かげふみ4

真夏の太陽は、ジリジリと、アスファルトを照りつける。火葬場で、私達はお骨ができるまで待つ。他人なのだから、別に待つ必要はなかったが、両親は、昔からの付き合いがある。娘は同い年で幼なじみ。だから、最後まで待つと聞かなかった。
両親を待合室に置いて、外に出る。

喪服は、半袖だったが、汗が流れる。

「あ〜家族揃って心中するなんて!馬鹿じゃない?」

後ろから声が聞こえる。振り返ると、30代の女性が、黒のスーツに黒のサングラスをかけ、煙突を見上げていた。

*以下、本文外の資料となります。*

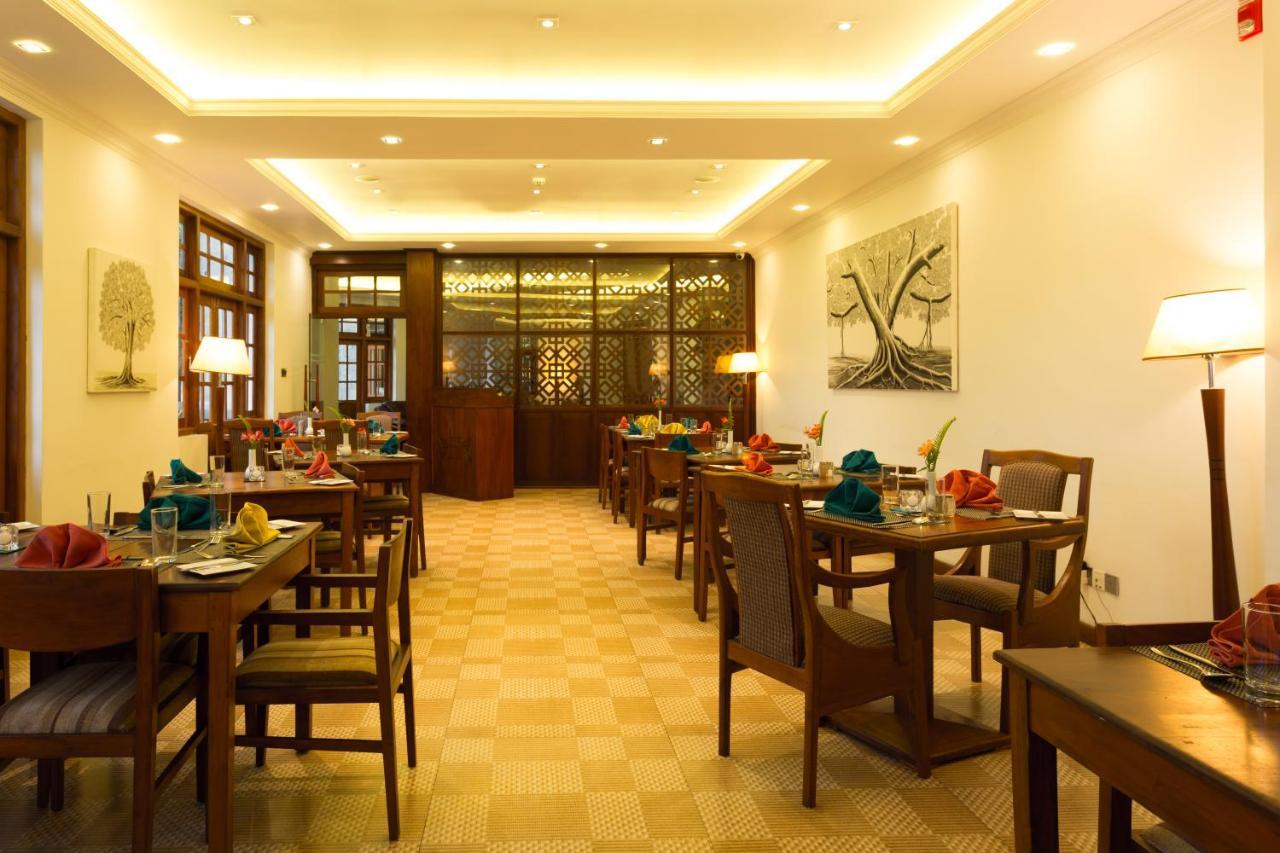Heaven Seven Nuwara Eliya Hotel Luaran gambar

サングラスをかけているので、目が合っているかどうかは分からない。

彼女は、私の横に並んで私の顔を見つめているようだ。

「あなた、亜子ちゃんでしょ!」
見知らぬ女性に声をかけられ、ぎょっとした。

「そうですけど、あの何で私の名前をご存知なのですか?何処かでお会いしましたでしょうか?」

黒スーツの女性は、サングラスをはずして微笑んだ。

「私だよ!有花。と言っても幽霊じゃないよ。」

私はポカンと口を開けたまま、上から下まで彼女を舐めるようにみる。

「有花ちゃんは、もうこの世にいません。悪い冗談はやめてください。」

「まぁいいや、とりあえず、私の話を聞いてよ。私は確かに有花なの。小さい頃一緒にかげふみして遊んだ。その後のかき氷は、格別だった。あの後、亜子ちゃんとは、あんまり遊ばなくなったんだよね。中学時代、久々にイジメをきっかけに登校拒否。亜子ちゃんが知ってる私ってそこまででしょ?」

「まぁ…はい。」何処で調べたのだろうか?疑いの思いは、どんどん強くなる。

「亜子ちゃん、私は別の世界では、生きているの。中学時代。屋上から、飛び降りようとして臆病者の私は家に帰ったって事になってる。アレね!本当は、屋上から、飛び降りたんだ。」

アニメの中では有り得る話だが、実社会では、絶対にない。

「パラレルワールドって聞いたことあるでしょ?飛び降りた瞬間、時空が分離したの。同じ時は流れるが、違う世界を生きているの。」
「でも、私より随分歳上に見えますが、現実的に考えたら、おかしな話ですね。」

「亜子ちゃんが信じられないのは、仕方ないけど、あちらの世界はこの世界よりずっと科学技術が進んでいるの。だから、私は時空を超えてここに来たのよ!あちらの世界は生きているうちにたった1度だけ。時空を超えて現世界にやってこられるの。」

「あの!その世界に私はいますか?」
信じた訳では無い。ただ私は別の世界でいたとしたら、どんな生活を送って居るのか?聞いてみたくなった。